**What to work on**
Starting at the line below with "Swiss Madison Voltaire" and stopping at the line with "neuer maserati ölfilter.", please print each line exactly, those two included, and skip every picture.

*** Opening of Data to examine ***

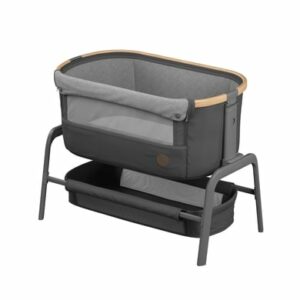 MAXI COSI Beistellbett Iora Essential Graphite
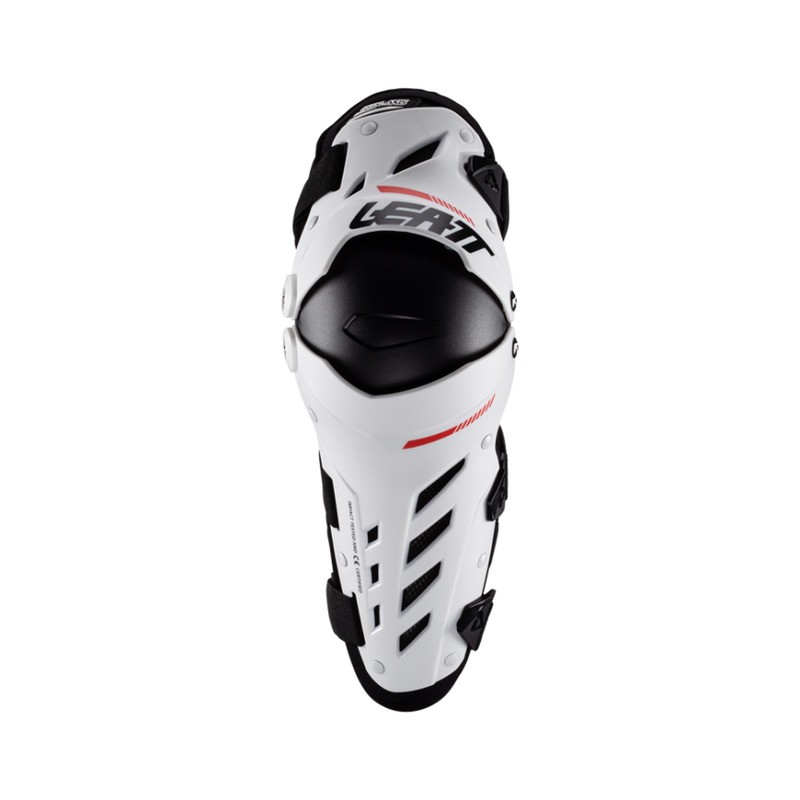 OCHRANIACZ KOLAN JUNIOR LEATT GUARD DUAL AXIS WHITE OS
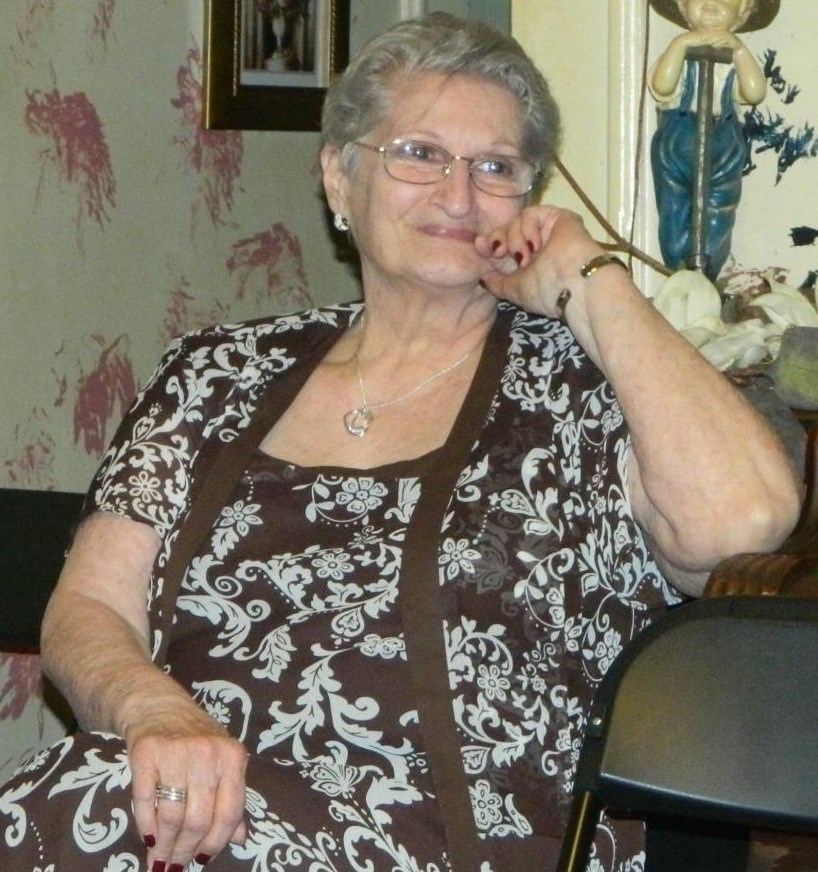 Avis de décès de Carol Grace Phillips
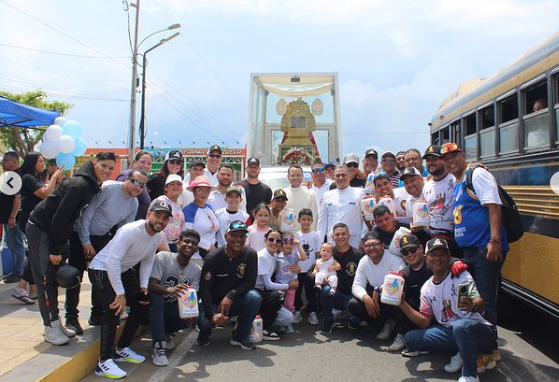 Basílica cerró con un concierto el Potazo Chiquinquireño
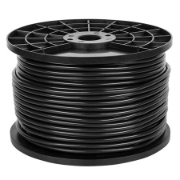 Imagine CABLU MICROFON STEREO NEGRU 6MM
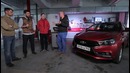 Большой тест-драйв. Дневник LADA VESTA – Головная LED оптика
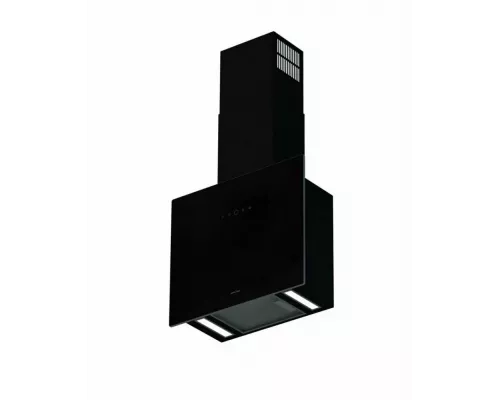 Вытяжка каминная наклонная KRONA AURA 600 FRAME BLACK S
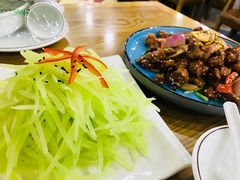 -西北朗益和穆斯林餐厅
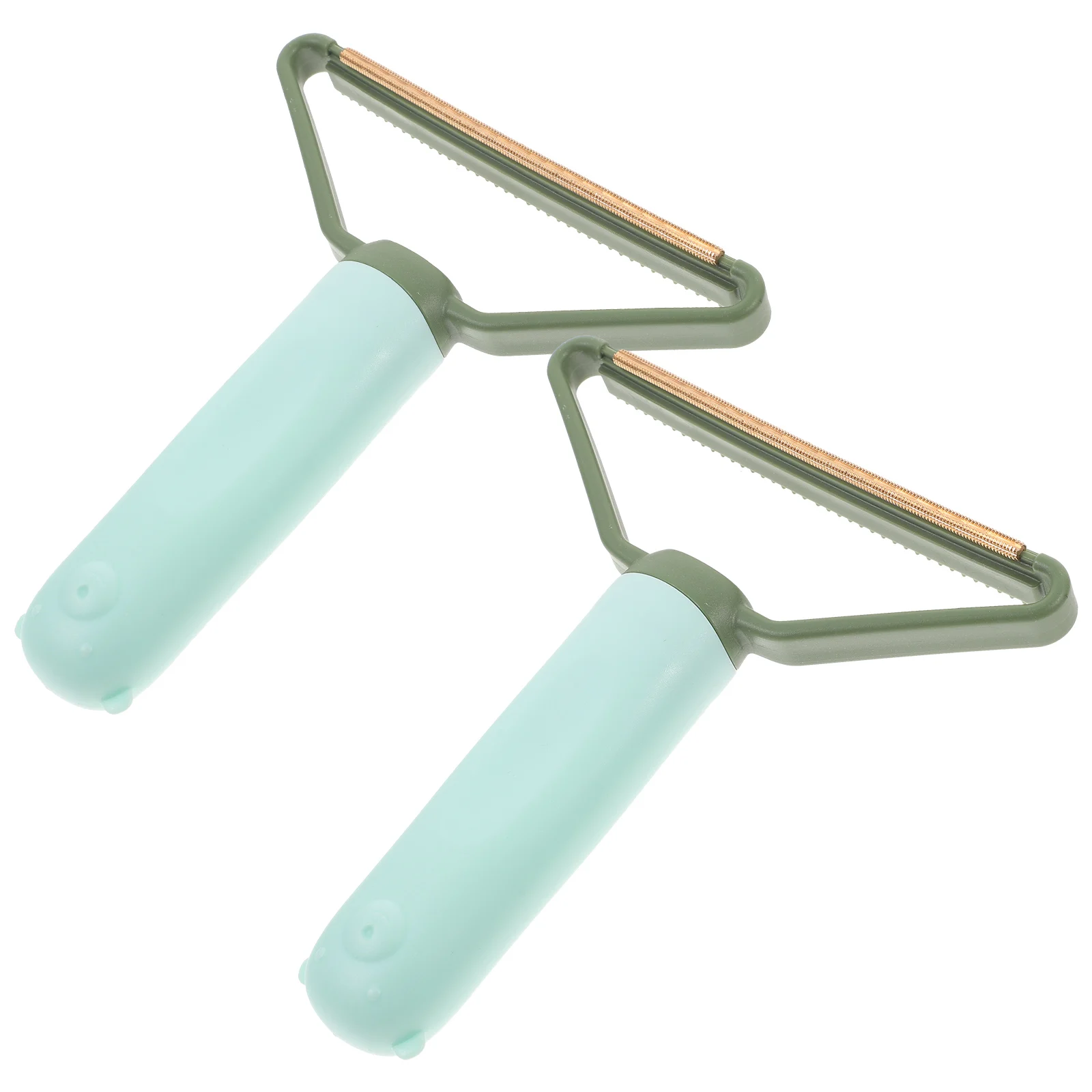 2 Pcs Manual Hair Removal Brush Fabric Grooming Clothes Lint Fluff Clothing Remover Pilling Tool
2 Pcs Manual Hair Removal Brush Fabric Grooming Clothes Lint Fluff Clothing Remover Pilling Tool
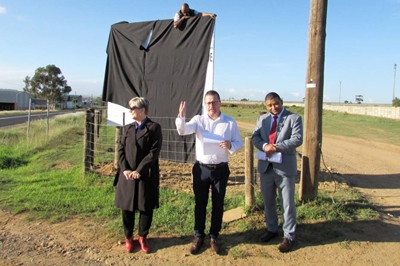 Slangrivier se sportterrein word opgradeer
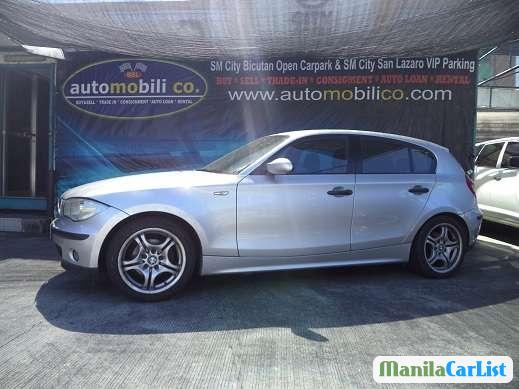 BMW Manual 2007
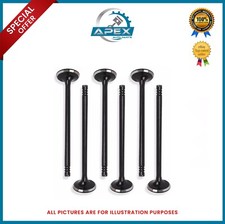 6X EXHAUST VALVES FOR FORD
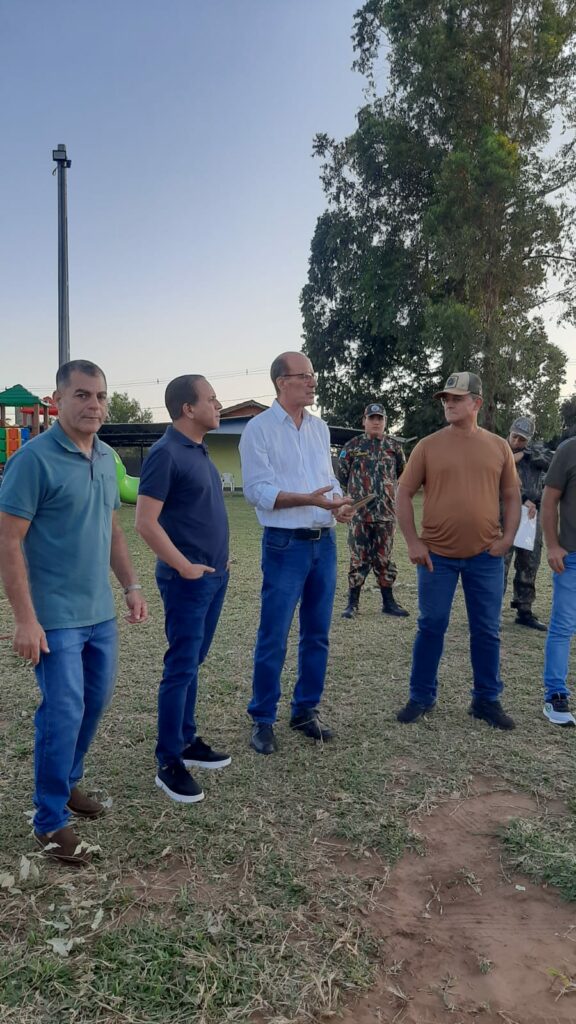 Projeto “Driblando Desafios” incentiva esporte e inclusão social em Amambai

*** Close of Data to examine ***
*** Opening of Data to examine ***

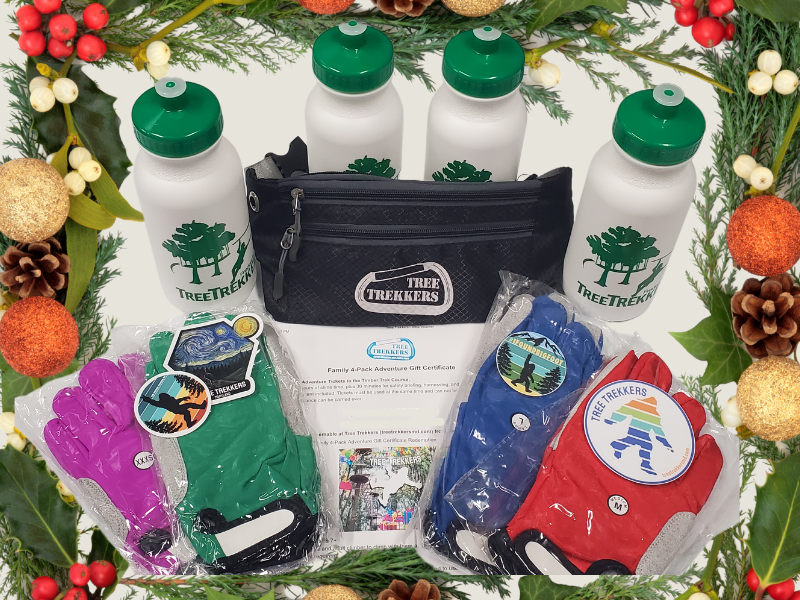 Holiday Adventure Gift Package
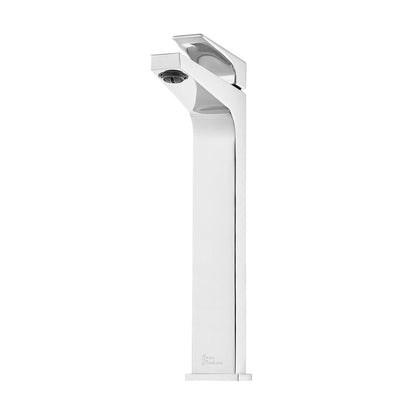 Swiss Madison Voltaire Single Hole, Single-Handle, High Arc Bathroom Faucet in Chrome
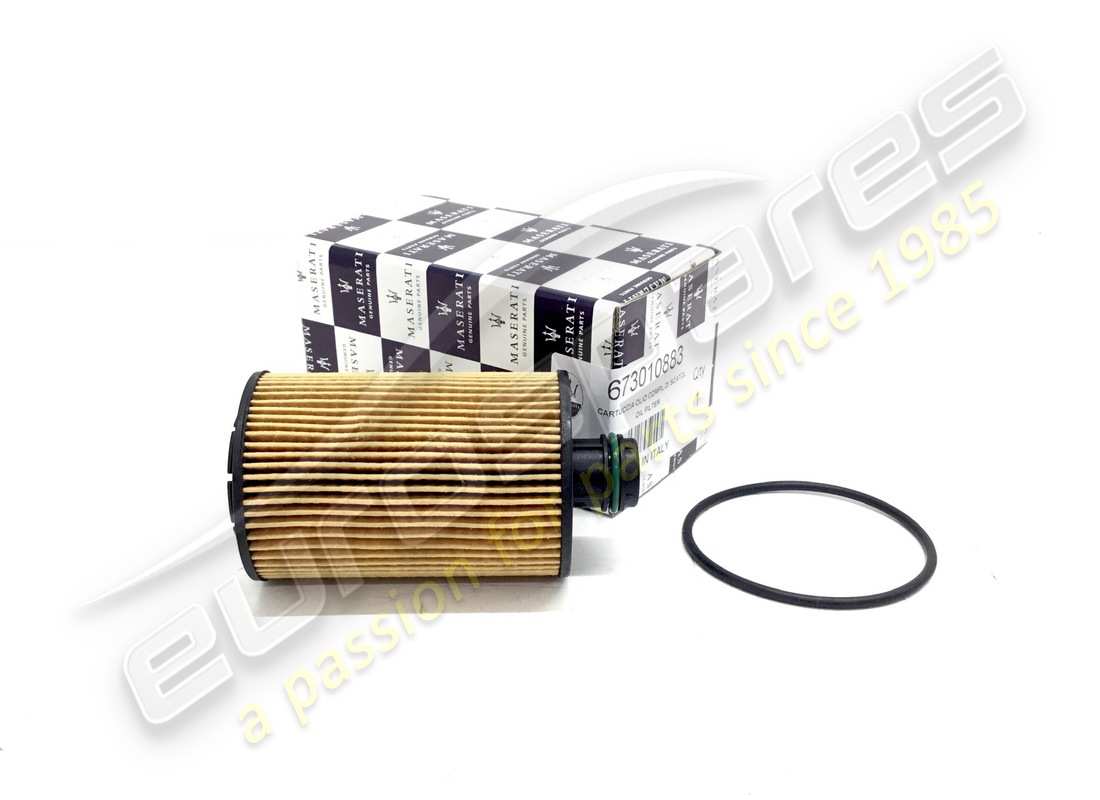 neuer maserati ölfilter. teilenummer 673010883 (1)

*** Close of Data to examine ***

**Problem solution**
 Swiss Madison Voltaire Single Hole, Single-Handle, High Arc Bathroom Faucet in Chrome
 neuer maserati ölfilter. teilenummer 673010883 (1)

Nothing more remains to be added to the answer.